Job-level checks vs. schedule-level checks

This section describes the job status, schedule status, and schedule duration checks.

The definitions below clarify what a job and a schedule are in Foundry:

  • Job: a Spark computation defined by the logic in a single transform. In other words, a job is a single transform that produces a single dataset (or several if a multi-output transform is used). Jobs are broken down into a set of stages.
  • Schedule: a collection of jobs with defined target datasets that are configured to run on a reoccurring basis. Schedules can be used to represent a subset of a pipeline that builds together.

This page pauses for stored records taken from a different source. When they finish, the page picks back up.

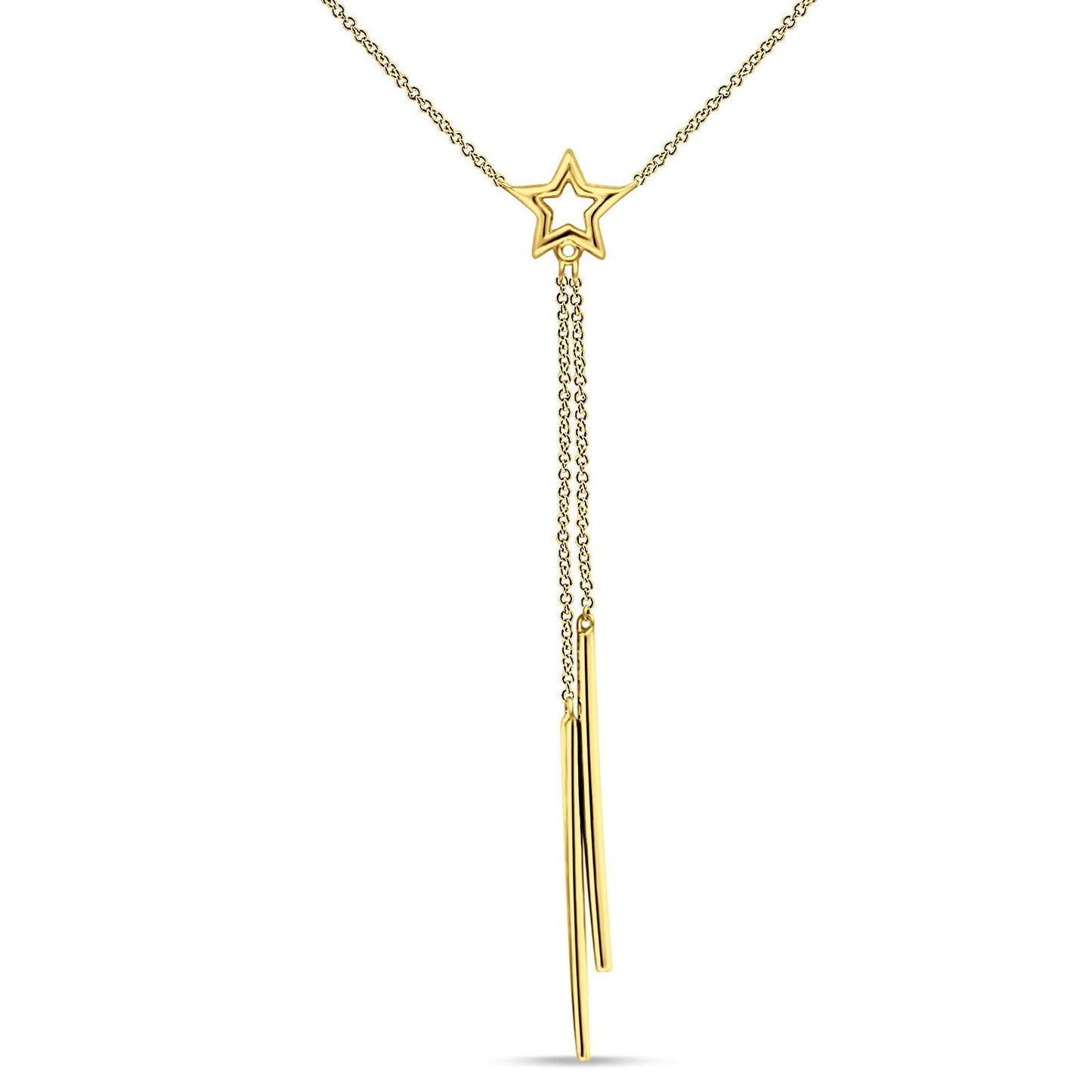 Dangling Diamond Line Star Necklace 14K Yellow Gold 0.05ct Wholesale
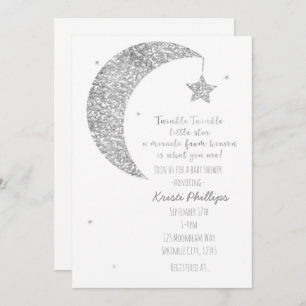 Silver White Moon & Stars Baby Shower Invitations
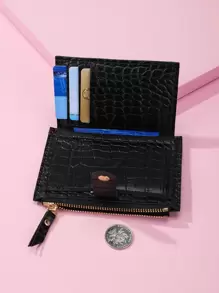 1 件男女通用短款钱包，带零钱袋、钞票隔层、卡槽和拉链开合，是送给朋友的理想礼物，采用 PU 材料制成，非常适合学生，轻便便携，卡片，身份证，白领，女性，节日，周年纪念，生日礼物，礼品配件，礼品礼物，教师礼物，鳄鱼皮学校用品，教师礼物，返校卡夹，卡夹，钱包，名片夹，信用卡夹，女士卡夹，女士迷你钱包，卡片钱包 - 黑色 - 查看 3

We use the following Data Health checks to ensure jobs and schedules are running successfully:

  • Job status: This is triggered whenever the dataset on which it is installed is refreshed or is created as a part of any build. A job status check will succeed if the target dataset successfully builds, even if the build it is a part of fails downstream. However, note that if the build fails upstream of the target dataset, your target dataset will register as having a cancelled build and the job status will not be evaluated for the target dataset.
  • Schedule duration & schedule status: These allow you to monitor the status of a schedule build, including all intermediates. Note that this is only triggered when the check's configured schedule runs.
    • In general it is recommended that all schedules have schedule status checks. If you already have a schedule status check, installing job status checks on other datasets built by the same schedule is not recommended, as any job failing on the schedule will trigger a schedule status check.

When trying to determine when and where to place job or schedule status checks, see our guide on which health checks to apply.

For more details and further clarification on the checks themselves, see the checks reference for schedule status and job status.

Freshness checks

This section describes the sync freshness, data freshness, and time since last updated checks.

All three of these checks are concerned with “freshness” (how up-to-date some aspect of your data is), but they all use different methods to evaluate freshness:

  • Time since last updated: Evaluates freshness of the dataset. This check calculates how much time has elapsed between the current time and the last transaction committed, even if the transaction was empty; an empty transaction does not change the data in the dataset.
  • Data freshness: Evaluates freshness of the data in the dataset by calculating how much time has elapsed between the last transaction committed and the maximum value of a timestamp column. This check is only run when a transaction is committed.
  • Sync freshness: Evaluates freshness of the data in the synced dataset by calculating how much time has elapsed between the time of the latest sync of a dataset and the maximum value of a datetime column.

For both data and sync freshness, it is ideal if the timestamp in the column represents the time when the row was added in the source system.

When trying to determine when and where to place freshness checks, see our guide on what health checks to apply.

For more details on the checks themselves, see the checks reference for time since last updated, data freshness, and sync freshness.

Can I abort builds when health checks fail?

Most standard health checks depend on jobs to finish in order to compute. If your dataset is created in a Code Repository, you can use data expectations to define checks that run during build time. This will allow you to abort the build on error and monitor the checks using Data Health.